Career.com’s 2025 breakdown shows California’s average city bus driver salary at $50,201, before overtime, bonuses, or night shifts. Career.com
That is not a ceiling. That is a floor. Add union protections, cost of living adjustments, and fare free funding, and six figures becomes standard pay for driving a bus.
Now tilt your head upward. Regional airline pilots, the ones flying 50 seaters between second tier airports, start between $60,000 and $90,000.
“Starting First Officer Pay: $60,000–$90,000 annually. Regional Captain Pay: $120,000–$180,000 annually,” notes The Flying Engineer’s 2025 report. The Flying Engineer
The guy dodging potholes in Queens can earn more than the guy flying you out of LaGuardia. That is not market logic. That is government logic.

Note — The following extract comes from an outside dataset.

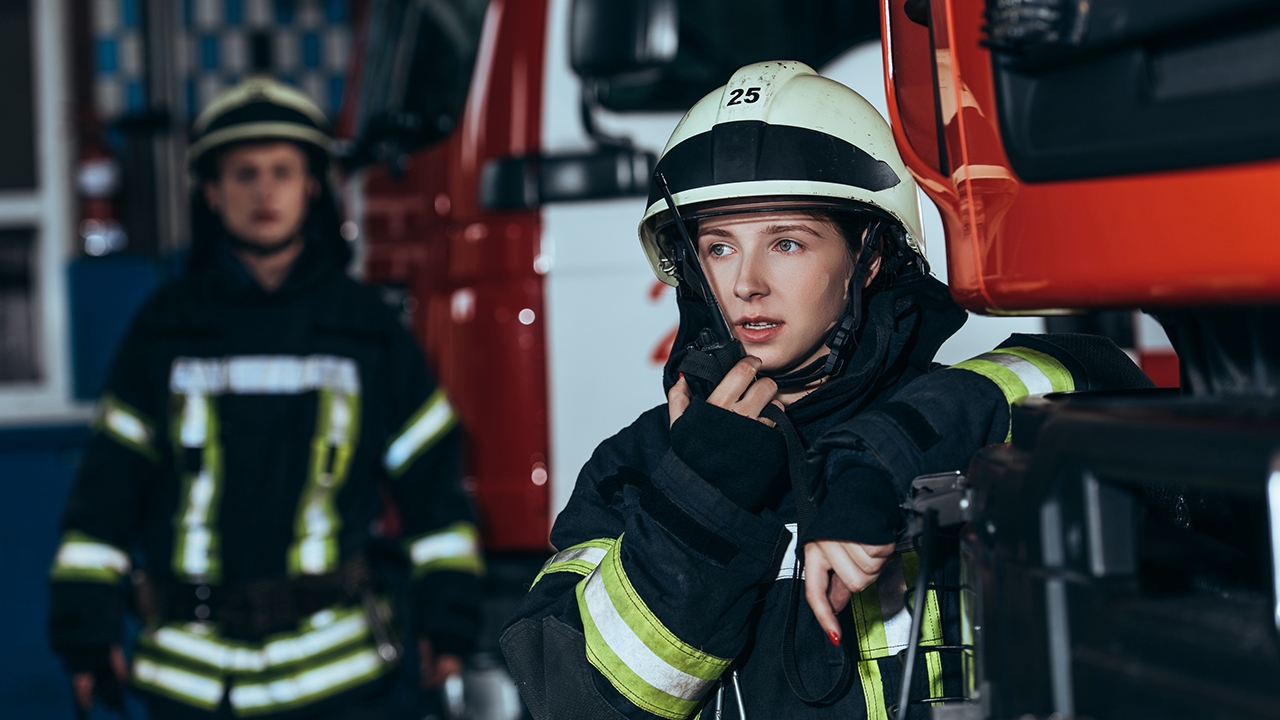 Firefighter with radio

Zippia’s national averages still say the pilot makes more, $83,128 compared to $36,879 for the bus driver. Zippia But those averages ignore union heavy metros where overtime is currency and subsidies cover the gap.
“We’re proud to be delivering this funding to help RTAs keep their service fare free,” said Massachusetts Gov. Maura Healey, announcing $30 million in transit grants. Mass.gov
That is not just policy. That is a paycheck. When fareboxes no longer matter, government turns payroll into entitlement.

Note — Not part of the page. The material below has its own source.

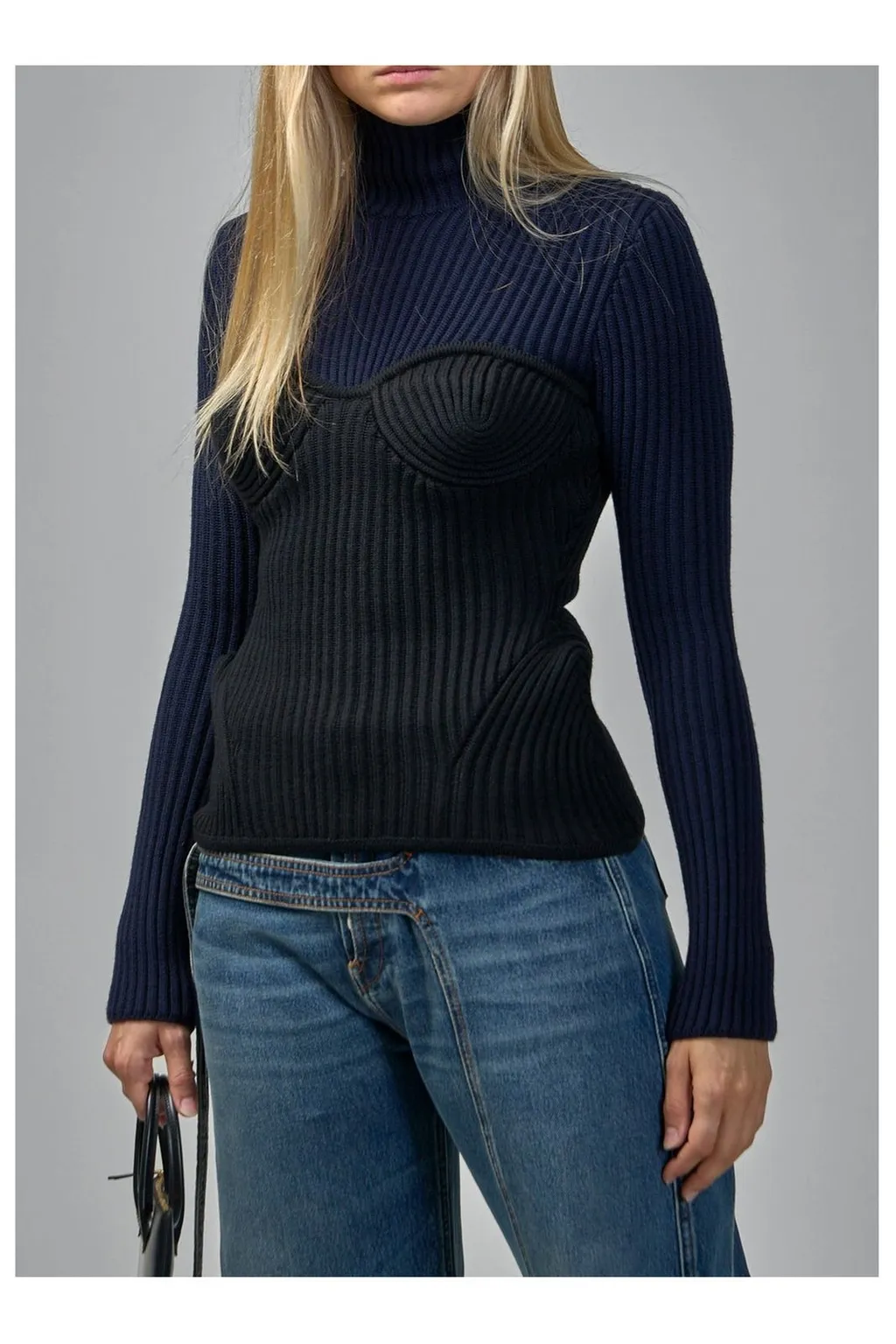 Ribbed Turtleneck Sweater With Corset Detail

The Federal Transit Administration piled on with $398 million in competitive grants for bus facilities and equipment. FTA Officials frame it as modernization. In practice, it locks in higher wages. The route, the ride, and the role are protected, not by demand, but by political subsidy.
Pilots do not get that shield. Nobody subsidizes the puddle jumper from Albany to Pittsburgh. If the airline misses margin, the pilot takes the hit. That is the difference between market and state.
Career.com’s update shows bus drivers receiving only a 2.5% bump in 2025. Pilots, meanwhile, have seen a 500% increase in pay since 2000. Career.com The Flying Engineer Yet even after a global pilot shortage, new hires scrape while senior bus drivers cruise.
Delta captains now earn $354,000, but only after twelve years. The Flying Engineer
The contradiction is not economic math. It is political math. In Democrat run cities with strong transit unions and fare free guarantees, bus drivers can out earn the very pilots who keep the skies moving. That is not a fluke. That is what happens when government money rewrites incentives.
The lesson is not that bus drivers are overpaid or that pilots are underpaid. It is that when the state props up one side and leaves the other to the market, distortions become the rule. What looks like absurdity is actually the system working exactly as designed, inefficient, insulated, and politically untouchable.